* TASK DIRECTIONS *
With the material below, print exactly the lines between the line holding "Diajak Jokowi, Prabowo" and the line holding "Nike react running store shoes", inclusive. Add nothing else.

....

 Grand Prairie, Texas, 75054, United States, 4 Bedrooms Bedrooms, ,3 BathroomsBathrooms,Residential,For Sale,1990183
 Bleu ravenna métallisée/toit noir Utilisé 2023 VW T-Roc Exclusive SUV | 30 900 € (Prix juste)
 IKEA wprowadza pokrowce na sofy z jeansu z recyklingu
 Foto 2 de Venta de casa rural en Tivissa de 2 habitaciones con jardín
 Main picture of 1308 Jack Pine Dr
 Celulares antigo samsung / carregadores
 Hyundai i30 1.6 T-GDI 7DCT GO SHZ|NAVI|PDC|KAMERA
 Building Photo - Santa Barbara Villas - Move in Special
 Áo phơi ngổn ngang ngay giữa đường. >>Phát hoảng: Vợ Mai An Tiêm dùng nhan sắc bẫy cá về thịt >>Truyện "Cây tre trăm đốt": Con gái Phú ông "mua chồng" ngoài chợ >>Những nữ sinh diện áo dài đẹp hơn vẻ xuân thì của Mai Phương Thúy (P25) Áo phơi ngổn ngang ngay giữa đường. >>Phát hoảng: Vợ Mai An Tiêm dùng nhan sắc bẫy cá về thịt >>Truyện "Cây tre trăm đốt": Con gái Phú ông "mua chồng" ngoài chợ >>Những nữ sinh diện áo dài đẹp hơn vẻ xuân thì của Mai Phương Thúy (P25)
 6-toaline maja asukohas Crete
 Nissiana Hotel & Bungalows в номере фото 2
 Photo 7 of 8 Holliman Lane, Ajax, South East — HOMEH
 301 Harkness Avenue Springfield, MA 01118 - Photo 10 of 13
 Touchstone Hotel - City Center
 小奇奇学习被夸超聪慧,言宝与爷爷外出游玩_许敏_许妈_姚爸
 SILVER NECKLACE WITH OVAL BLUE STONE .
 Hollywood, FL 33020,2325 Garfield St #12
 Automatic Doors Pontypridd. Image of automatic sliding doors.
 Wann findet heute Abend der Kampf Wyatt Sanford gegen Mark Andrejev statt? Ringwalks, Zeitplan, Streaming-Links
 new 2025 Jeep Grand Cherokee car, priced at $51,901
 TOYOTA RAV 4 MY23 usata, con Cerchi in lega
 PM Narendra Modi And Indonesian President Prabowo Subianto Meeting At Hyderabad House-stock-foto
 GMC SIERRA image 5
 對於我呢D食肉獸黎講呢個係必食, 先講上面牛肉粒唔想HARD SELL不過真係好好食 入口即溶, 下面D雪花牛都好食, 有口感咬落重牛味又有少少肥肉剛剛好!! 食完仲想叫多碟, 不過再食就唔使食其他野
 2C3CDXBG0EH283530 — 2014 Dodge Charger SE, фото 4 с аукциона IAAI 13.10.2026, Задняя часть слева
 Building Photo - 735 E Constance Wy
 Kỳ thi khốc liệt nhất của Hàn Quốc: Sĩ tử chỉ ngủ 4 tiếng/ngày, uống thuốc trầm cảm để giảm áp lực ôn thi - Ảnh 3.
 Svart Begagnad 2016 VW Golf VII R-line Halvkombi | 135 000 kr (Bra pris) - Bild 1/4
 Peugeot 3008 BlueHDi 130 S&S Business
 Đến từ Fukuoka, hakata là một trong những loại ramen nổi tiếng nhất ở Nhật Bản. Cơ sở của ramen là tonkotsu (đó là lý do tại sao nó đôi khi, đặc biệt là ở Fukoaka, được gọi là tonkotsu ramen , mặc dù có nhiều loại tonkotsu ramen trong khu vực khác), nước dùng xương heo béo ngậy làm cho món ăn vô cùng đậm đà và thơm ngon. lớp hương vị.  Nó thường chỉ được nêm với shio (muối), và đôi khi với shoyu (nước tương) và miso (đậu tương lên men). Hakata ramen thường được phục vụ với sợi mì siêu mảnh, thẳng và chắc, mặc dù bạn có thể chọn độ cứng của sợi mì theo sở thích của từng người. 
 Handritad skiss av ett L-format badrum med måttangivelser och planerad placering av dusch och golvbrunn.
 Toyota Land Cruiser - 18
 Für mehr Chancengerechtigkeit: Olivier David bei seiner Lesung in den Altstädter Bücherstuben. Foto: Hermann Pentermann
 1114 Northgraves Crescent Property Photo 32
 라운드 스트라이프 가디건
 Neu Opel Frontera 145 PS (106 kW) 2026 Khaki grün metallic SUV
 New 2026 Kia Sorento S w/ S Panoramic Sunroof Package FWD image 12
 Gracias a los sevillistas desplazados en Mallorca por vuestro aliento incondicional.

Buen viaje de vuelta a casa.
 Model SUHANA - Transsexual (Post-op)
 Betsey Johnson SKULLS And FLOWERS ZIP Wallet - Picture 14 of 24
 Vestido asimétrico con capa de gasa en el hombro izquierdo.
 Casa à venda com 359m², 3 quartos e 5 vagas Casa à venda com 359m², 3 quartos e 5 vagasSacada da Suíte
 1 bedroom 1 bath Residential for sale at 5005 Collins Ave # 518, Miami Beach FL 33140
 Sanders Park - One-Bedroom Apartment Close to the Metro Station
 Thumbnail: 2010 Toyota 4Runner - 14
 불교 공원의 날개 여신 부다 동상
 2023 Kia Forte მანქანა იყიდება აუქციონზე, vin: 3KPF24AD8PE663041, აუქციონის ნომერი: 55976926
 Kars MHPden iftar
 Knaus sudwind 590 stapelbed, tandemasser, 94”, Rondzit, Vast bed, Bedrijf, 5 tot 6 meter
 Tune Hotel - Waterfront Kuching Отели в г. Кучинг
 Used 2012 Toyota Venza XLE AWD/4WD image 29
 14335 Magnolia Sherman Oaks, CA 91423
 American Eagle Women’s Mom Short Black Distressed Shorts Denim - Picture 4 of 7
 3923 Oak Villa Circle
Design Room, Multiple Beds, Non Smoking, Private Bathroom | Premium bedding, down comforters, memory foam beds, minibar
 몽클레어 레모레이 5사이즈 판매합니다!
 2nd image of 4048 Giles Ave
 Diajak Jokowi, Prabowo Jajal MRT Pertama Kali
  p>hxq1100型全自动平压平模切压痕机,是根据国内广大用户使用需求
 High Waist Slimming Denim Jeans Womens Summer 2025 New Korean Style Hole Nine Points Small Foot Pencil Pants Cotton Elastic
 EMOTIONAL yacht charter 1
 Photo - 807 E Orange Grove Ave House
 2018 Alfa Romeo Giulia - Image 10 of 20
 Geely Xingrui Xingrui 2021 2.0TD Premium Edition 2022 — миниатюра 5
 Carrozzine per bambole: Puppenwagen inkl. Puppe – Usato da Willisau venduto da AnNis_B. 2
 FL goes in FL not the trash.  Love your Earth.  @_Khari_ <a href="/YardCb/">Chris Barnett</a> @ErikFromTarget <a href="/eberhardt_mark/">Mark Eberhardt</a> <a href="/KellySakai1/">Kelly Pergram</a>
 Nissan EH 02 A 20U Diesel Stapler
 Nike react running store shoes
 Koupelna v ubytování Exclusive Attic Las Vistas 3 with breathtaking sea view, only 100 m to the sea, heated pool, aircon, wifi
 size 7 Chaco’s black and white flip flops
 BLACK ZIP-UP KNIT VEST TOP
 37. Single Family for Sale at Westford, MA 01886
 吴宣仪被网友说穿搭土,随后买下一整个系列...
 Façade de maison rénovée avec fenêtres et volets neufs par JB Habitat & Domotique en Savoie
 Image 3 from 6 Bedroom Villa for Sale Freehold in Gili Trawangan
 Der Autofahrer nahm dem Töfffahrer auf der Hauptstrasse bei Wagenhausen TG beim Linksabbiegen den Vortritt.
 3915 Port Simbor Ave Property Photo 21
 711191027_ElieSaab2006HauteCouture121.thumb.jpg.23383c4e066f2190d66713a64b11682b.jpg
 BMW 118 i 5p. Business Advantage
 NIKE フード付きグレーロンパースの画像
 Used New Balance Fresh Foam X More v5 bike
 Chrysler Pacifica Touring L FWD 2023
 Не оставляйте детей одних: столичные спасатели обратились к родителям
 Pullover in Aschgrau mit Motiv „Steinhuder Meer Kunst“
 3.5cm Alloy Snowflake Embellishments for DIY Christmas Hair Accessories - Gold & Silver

....

* ANSWER AREA *
 Diajak Jokowi, Prabowo Jajal MRT Pertama Kali
  p>hxq1100型全自动平压平模切压痕机,是根据国内广大用户使用需求
 High Waist Slimming Denim Jeans Womens Summer 2025 New Korean Style Hole Nine Points Small Foot Pencil Pants Cotton Elastic
 EMOTIONAL yacht charter 1
 Photo - 807 E Orange Grove Ave House
 2018 Alfa Romeo Giulia - Image 10 of 20
 Geely Xingrui Xingrui 2021 2.0TD Premium Edition 2022 — миниатюра 5
 Carrozzine per bambole: Puppenwagen inkl. Puppe – Usato da Willisau venduto da AnNis_B. 2
 FL goes in FL not the trash.  Love your Earth.  @_Khari_ <a href="/YardCb/">Chris Barnett</a> @ErikFromTarget <a href="/eberhardt_mark/">Mark Eberhardt</a> <a href="/KellySakai1/">Kelly Pergram</a>
 Nissan EH 02 A 20U Diesel Stapler
 Nike react running store shoes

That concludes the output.